-- Opening Marker --

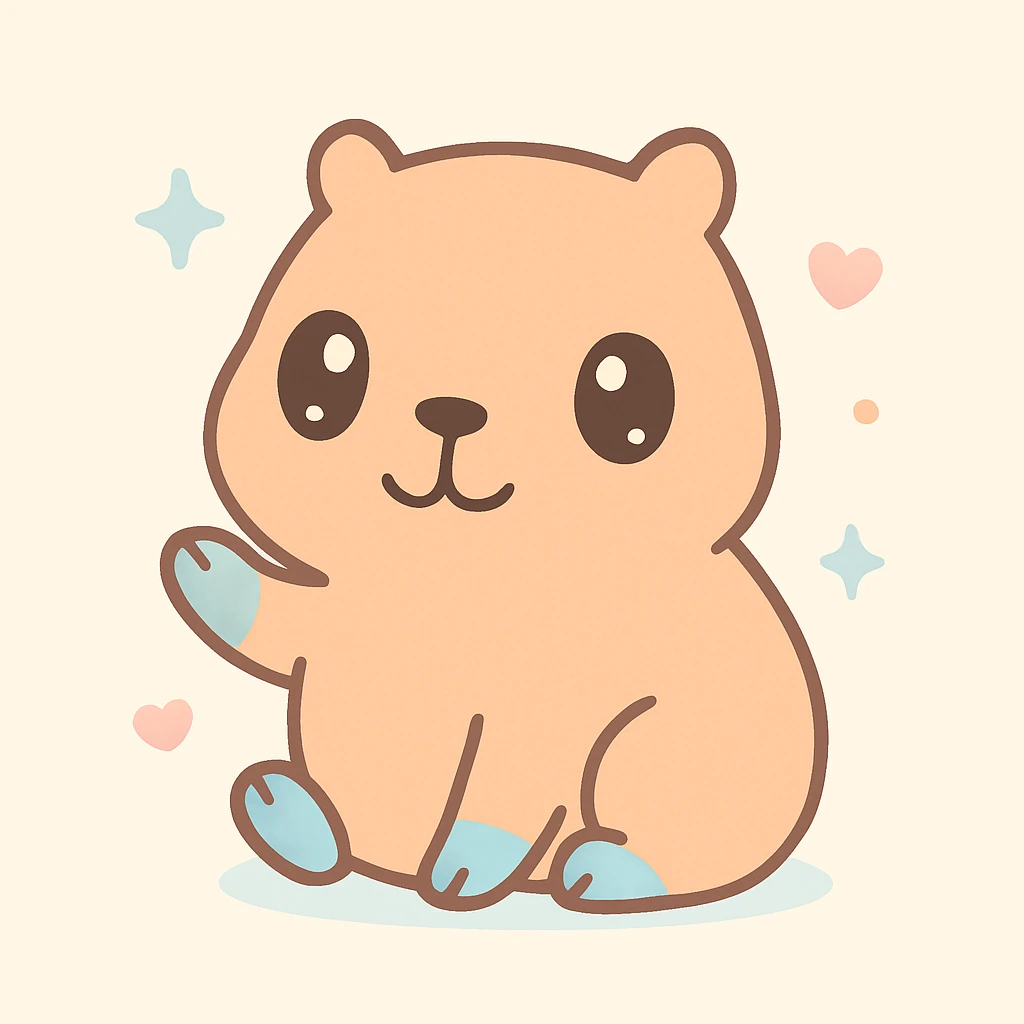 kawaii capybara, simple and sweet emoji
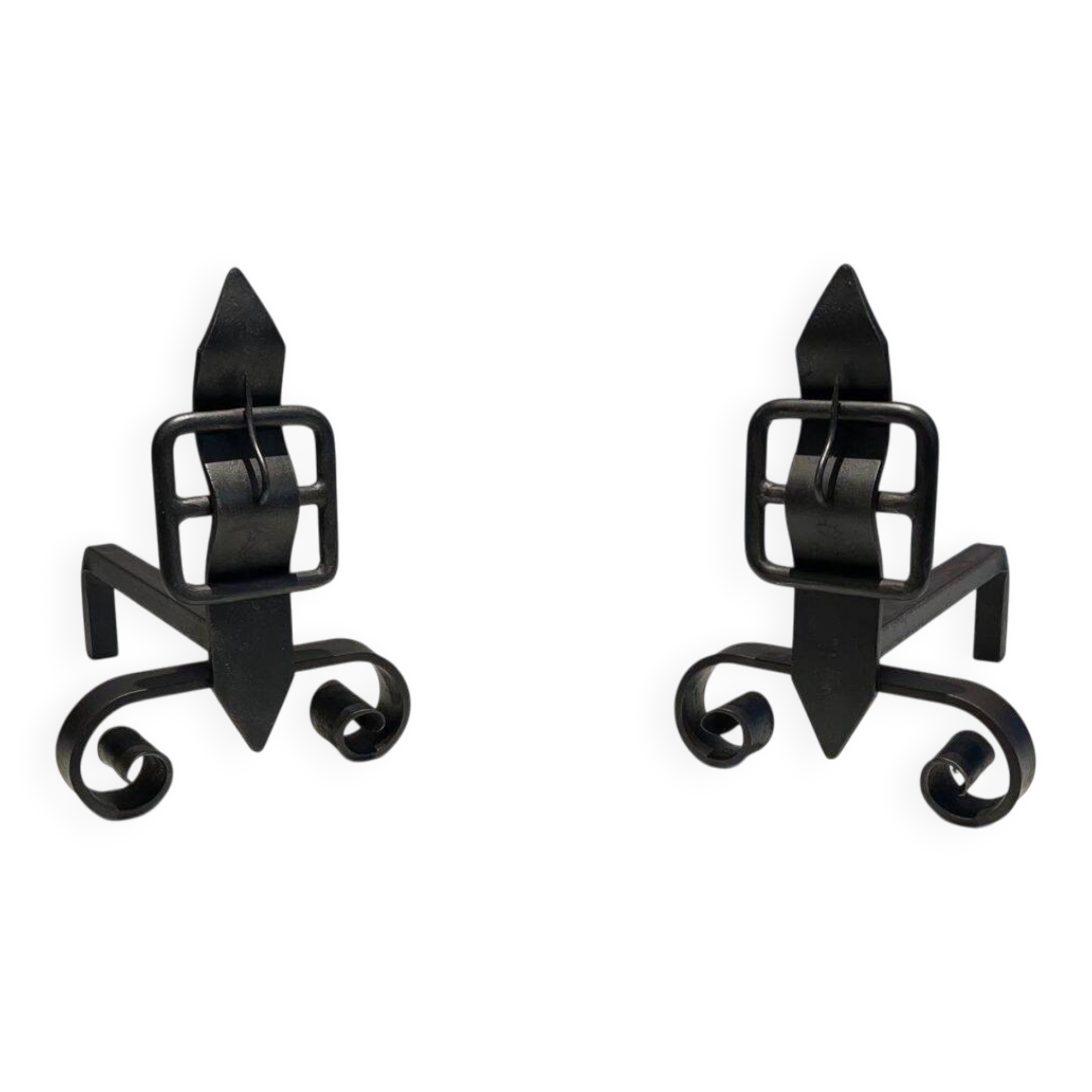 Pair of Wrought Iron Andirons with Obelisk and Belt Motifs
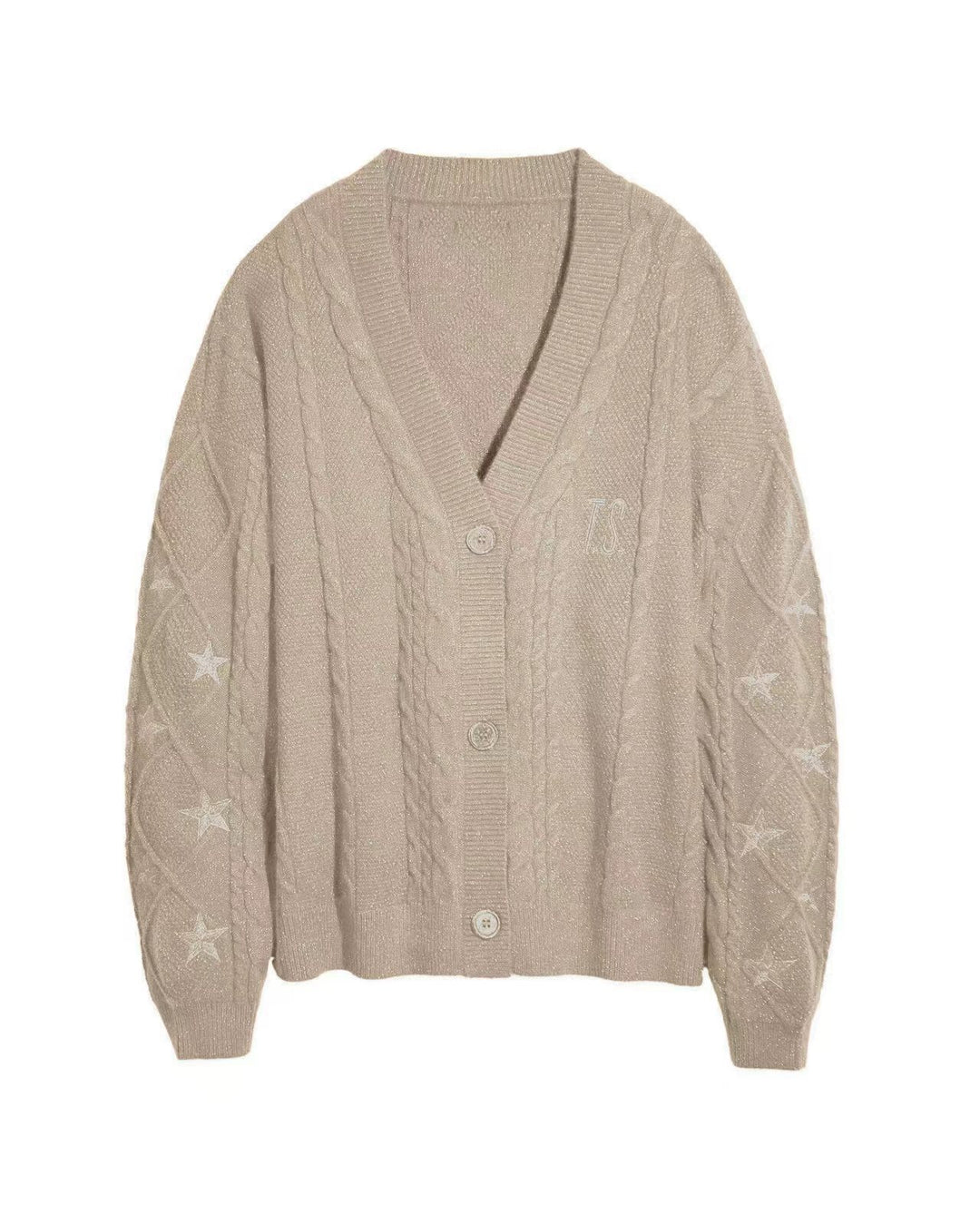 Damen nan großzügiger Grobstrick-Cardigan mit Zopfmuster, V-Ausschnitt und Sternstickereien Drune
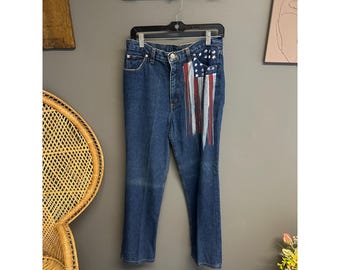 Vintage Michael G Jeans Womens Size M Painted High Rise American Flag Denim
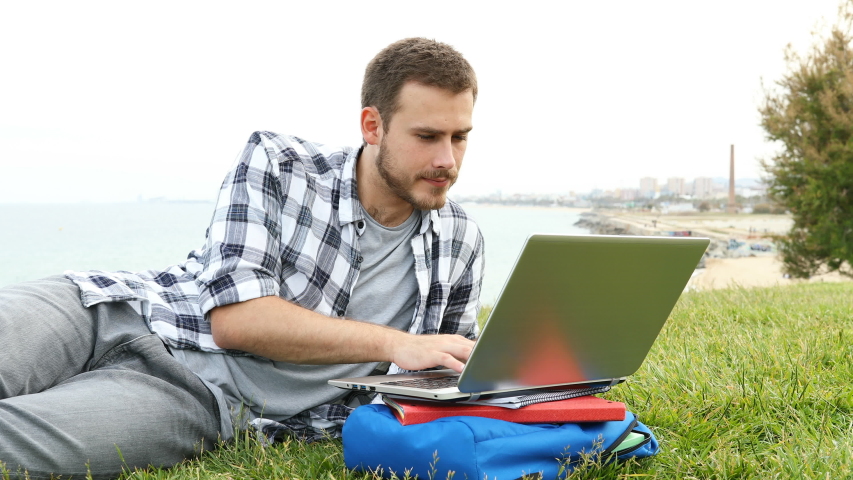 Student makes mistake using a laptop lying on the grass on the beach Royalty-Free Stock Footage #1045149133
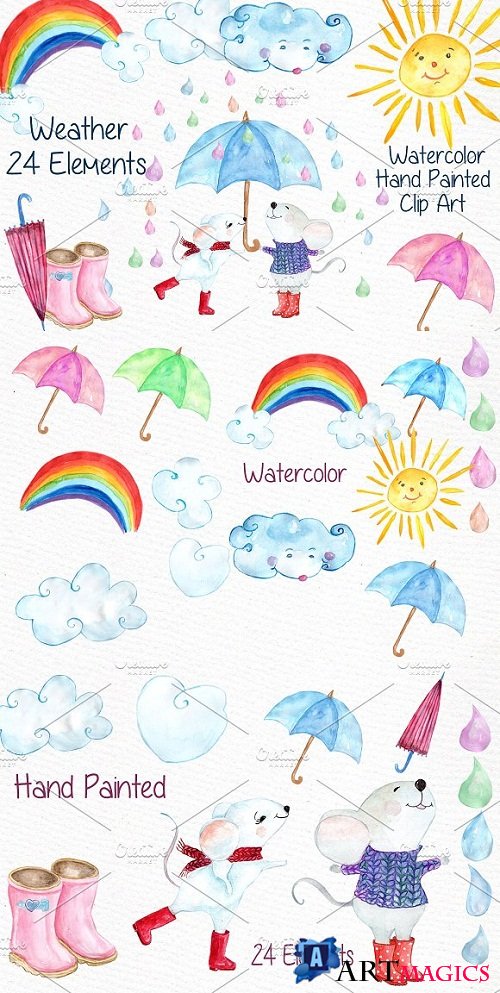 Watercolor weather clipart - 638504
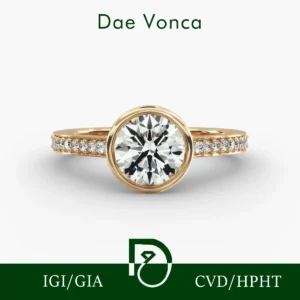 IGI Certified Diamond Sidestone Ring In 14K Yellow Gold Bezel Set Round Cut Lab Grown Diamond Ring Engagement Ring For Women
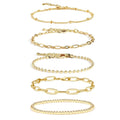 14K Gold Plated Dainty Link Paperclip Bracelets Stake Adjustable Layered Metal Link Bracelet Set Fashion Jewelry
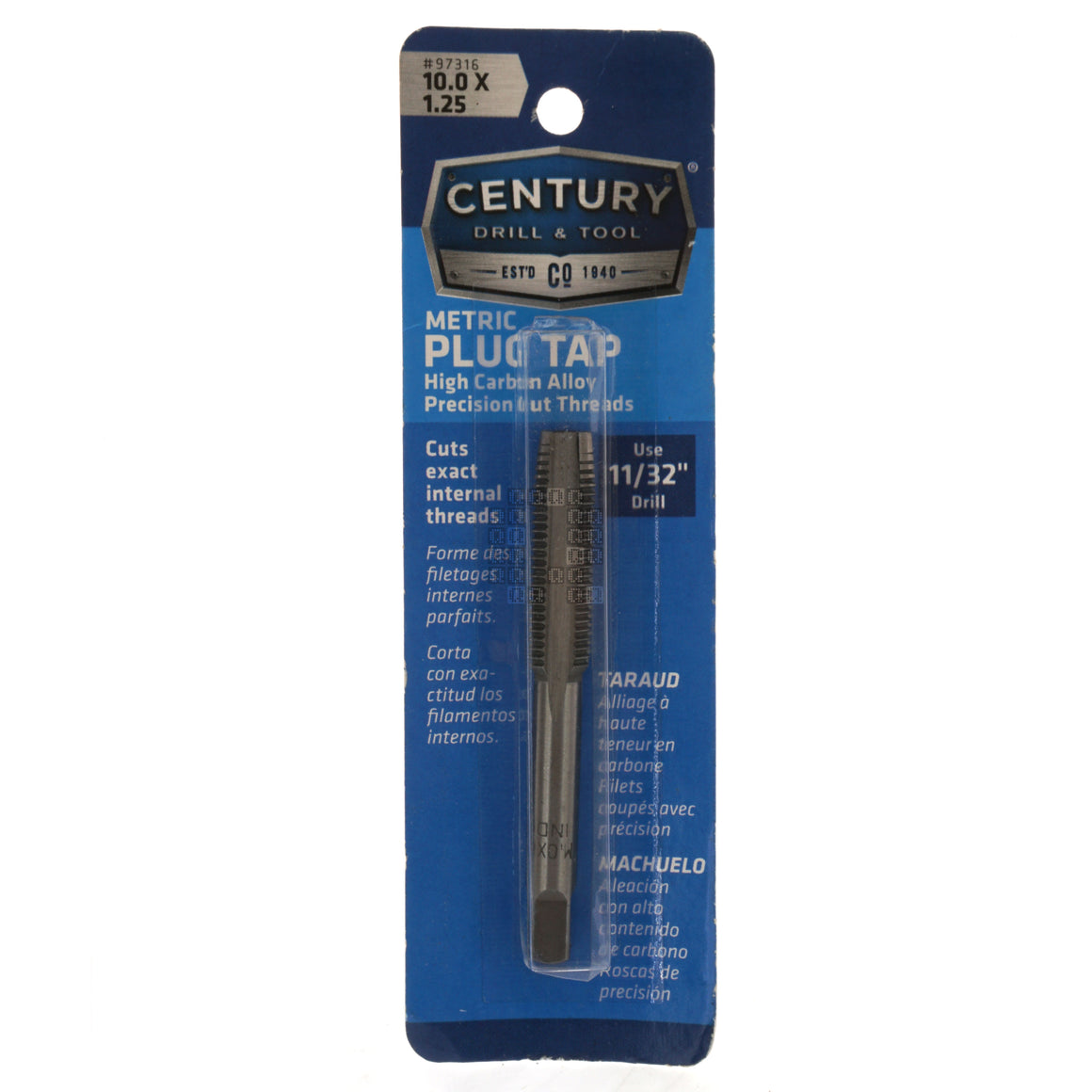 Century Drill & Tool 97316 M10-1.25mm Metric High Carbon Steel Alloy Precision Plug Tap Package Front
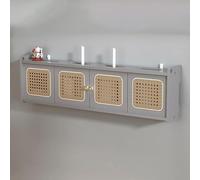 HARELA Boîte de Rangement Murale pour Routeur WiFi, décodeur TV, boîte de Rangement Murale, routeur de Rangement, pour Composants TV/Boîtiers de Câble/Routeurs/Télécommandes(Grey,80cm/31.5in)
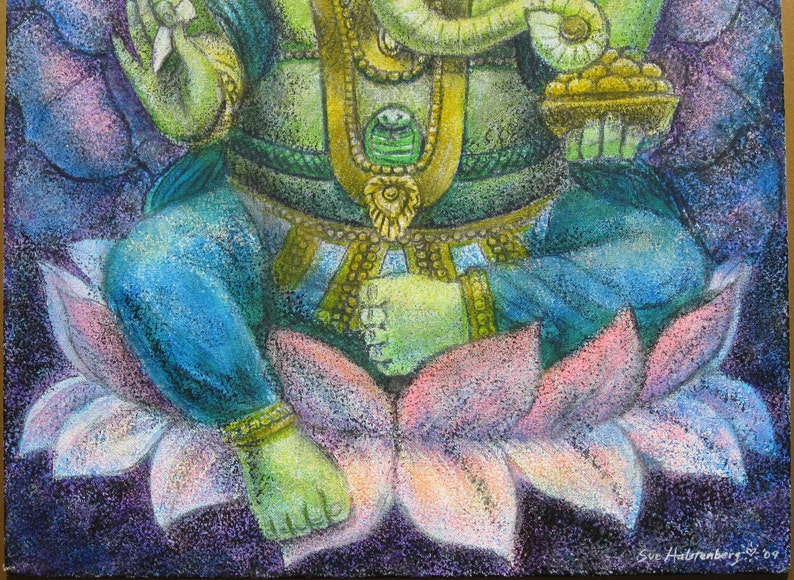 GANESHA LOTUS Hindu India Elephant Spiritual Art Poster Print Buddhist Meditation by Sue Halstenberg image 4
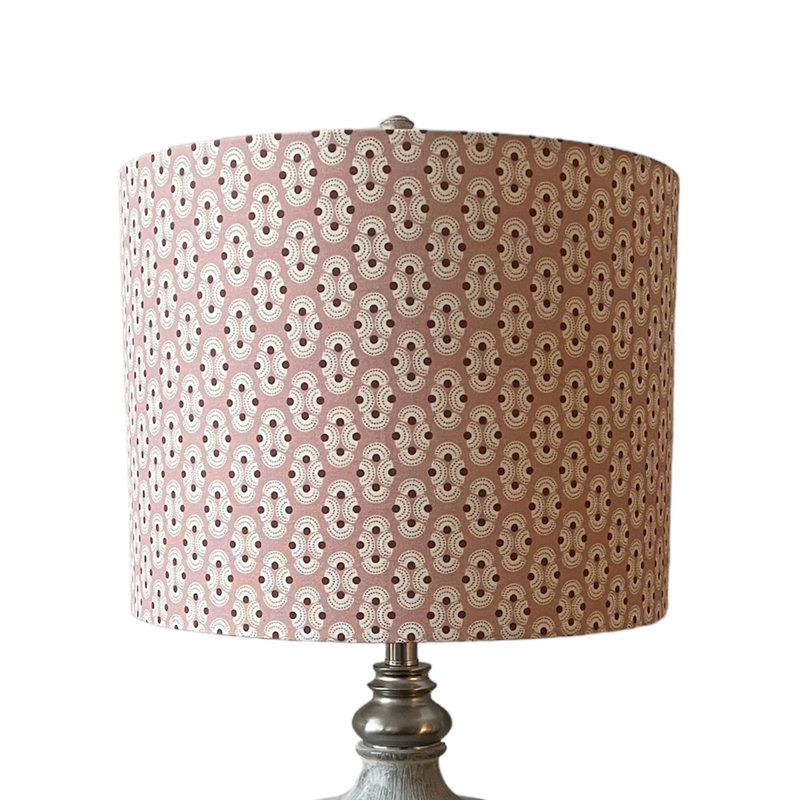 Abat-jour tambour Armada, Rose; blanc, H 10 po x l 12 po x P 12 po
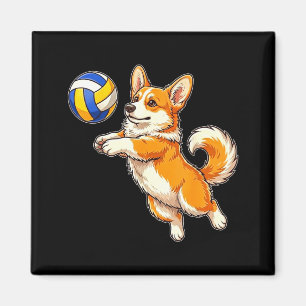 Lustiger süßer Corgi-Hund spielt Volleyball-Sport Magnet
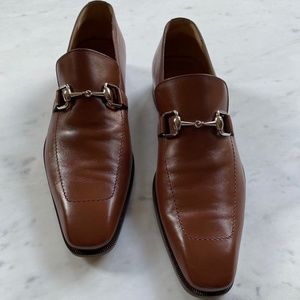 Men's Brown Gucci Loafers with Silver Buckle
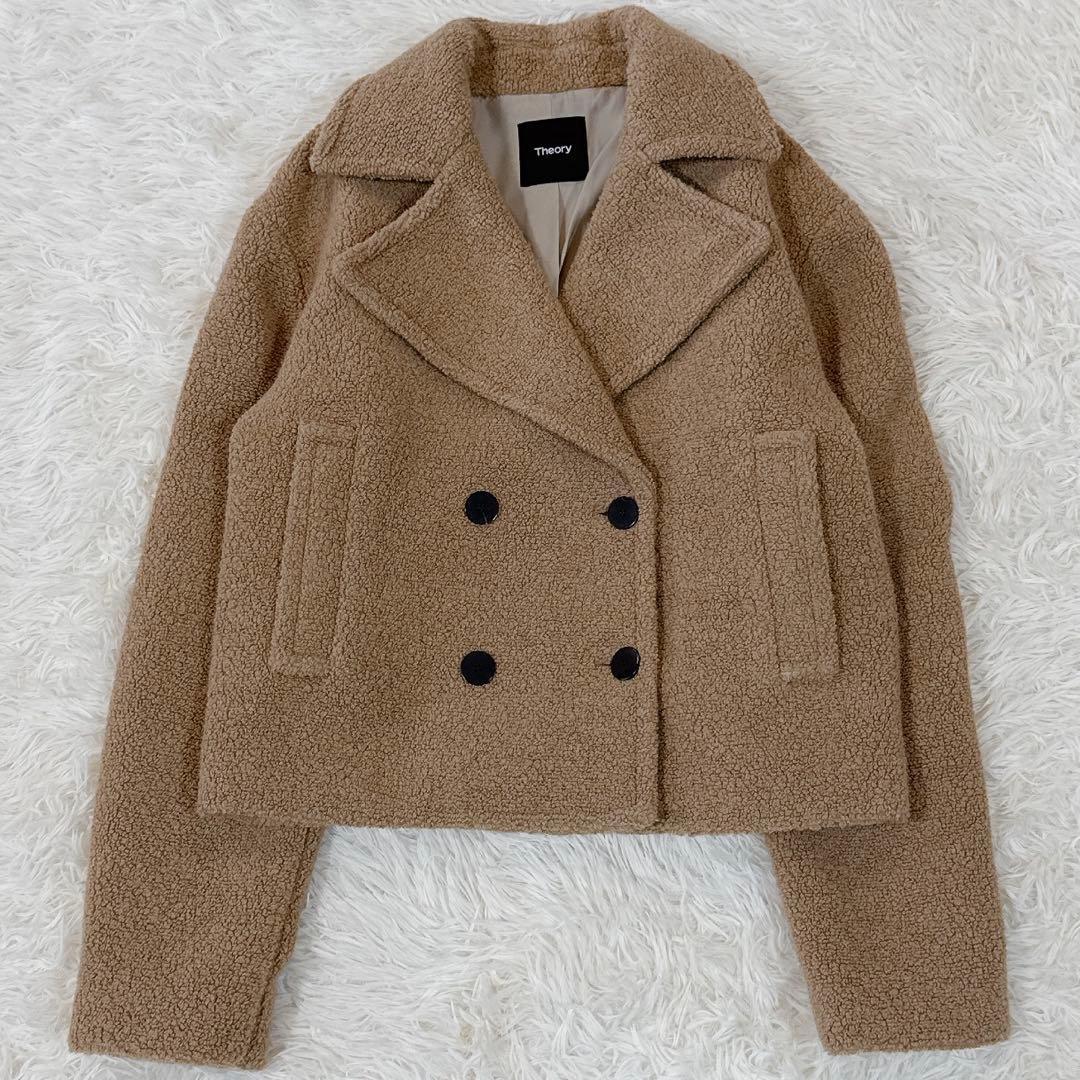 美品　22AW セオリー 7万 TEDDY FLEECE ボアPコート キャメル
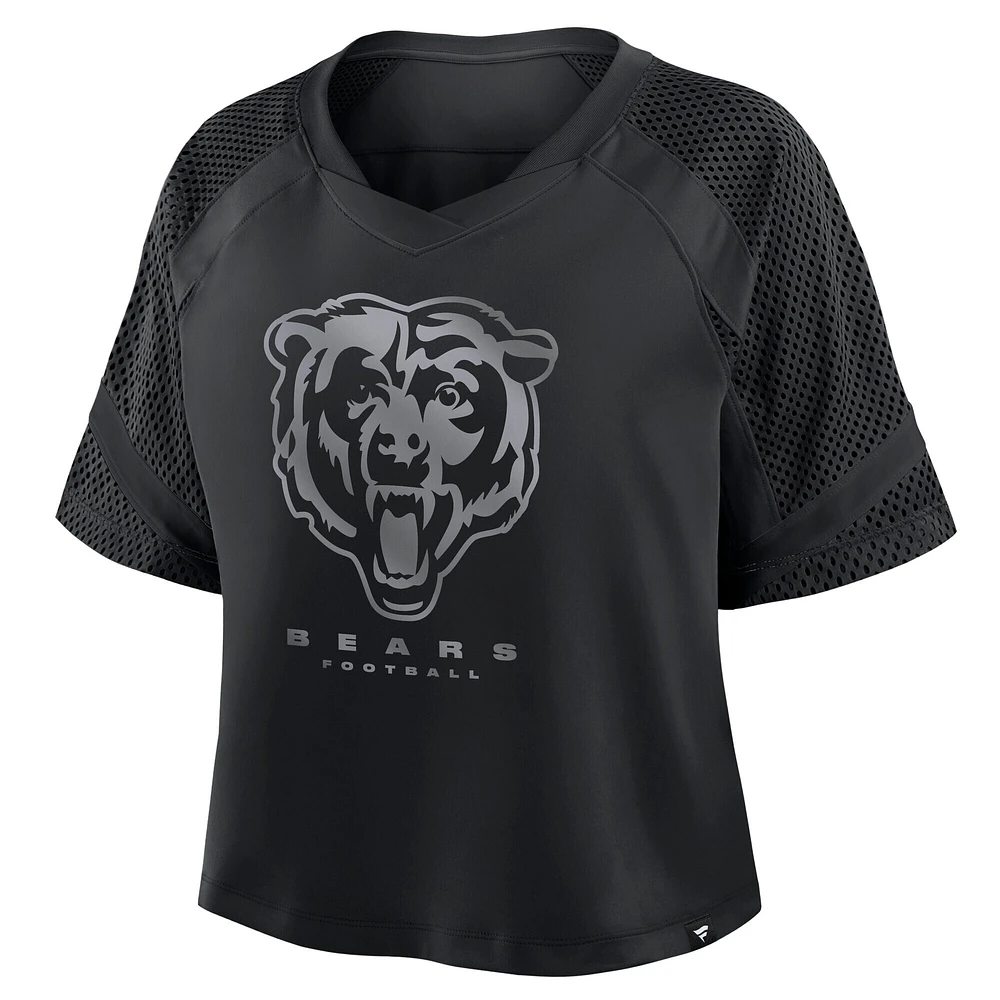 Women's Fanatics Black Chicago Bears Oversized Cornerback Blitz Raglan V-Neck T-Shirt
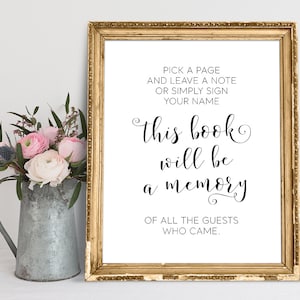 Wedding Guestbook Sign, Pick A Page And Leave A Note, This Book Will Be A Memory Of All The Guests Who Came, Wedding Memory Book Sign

-- Closing Marker --

Task brief — In the entries above, find the line containing "GANESHA LOTUS Hindu" and the line containing "Women's Fanatics Black"; give again exactly those two lines and every line between them, minus the pictures.

Task output —
 GANESHA LOTUS Hindu India Elephant Spiritual Art Poster Print Buddhist Meditation by Sue Halstenberg image 4
 Abat-jour tambour Armada, Rose; blanc, H 10 po x l 12 po x P 12 po
 Lustiger süßer Corgi-Hund spielt Volleyball-Sport Magnet
 Men's Brown Gucci Loafers with Silver Buckle
 美品　22AW セオリー 7万 TEDDY FLEECE ボアPコート キャメル
 Women's Fanatics Black Chicago Bears Oversized Cornerback Blitz Raglan V-Neck T-Shirt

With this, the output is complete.